__Problem details__
Exactly as they stand, repeat the lines from the one containing "Perla Sandals - Caramel" through the final line of the listing, both ends included, and nothing else; skip the pictures.

__Data extract__
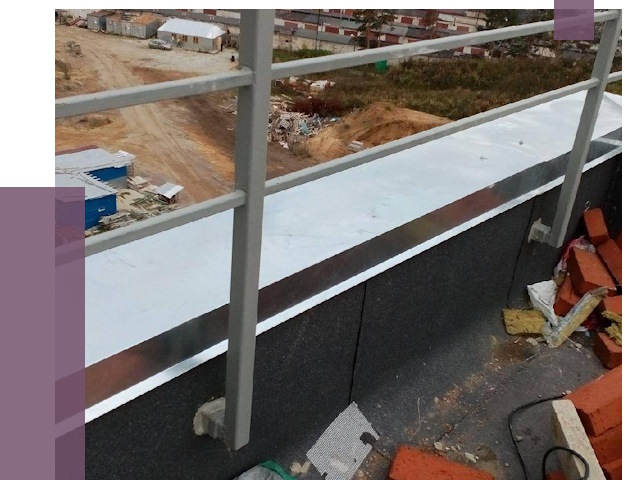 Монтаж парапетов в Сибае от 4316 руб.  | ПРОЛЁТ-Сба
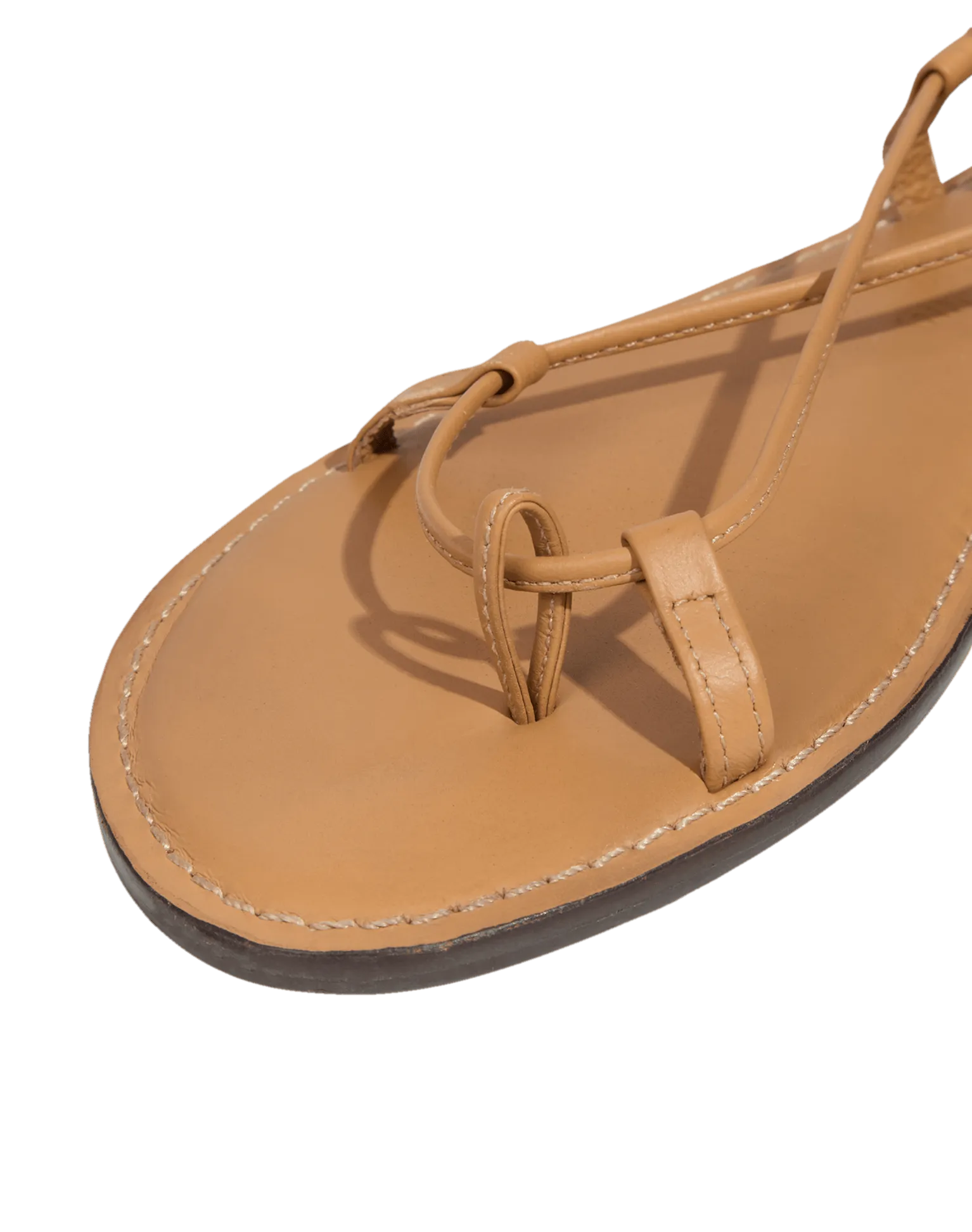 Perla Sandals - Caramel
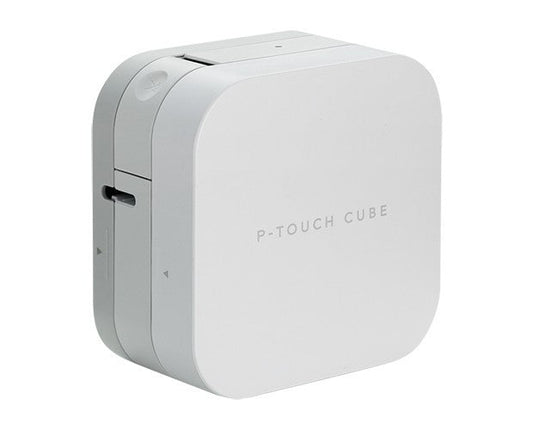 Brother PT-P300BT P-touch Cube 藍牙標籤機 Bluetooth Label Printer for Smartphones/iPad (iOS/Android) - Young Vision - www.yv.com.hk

__Task answer__
 Perla Sandals - Caramel
 Brother PT-P300BT P-touch Cube 藍牙標籤機 Bluetooth Label Printer for Smartphones/iPad (iOS/Android) - Young Vision - www.yv.com.hk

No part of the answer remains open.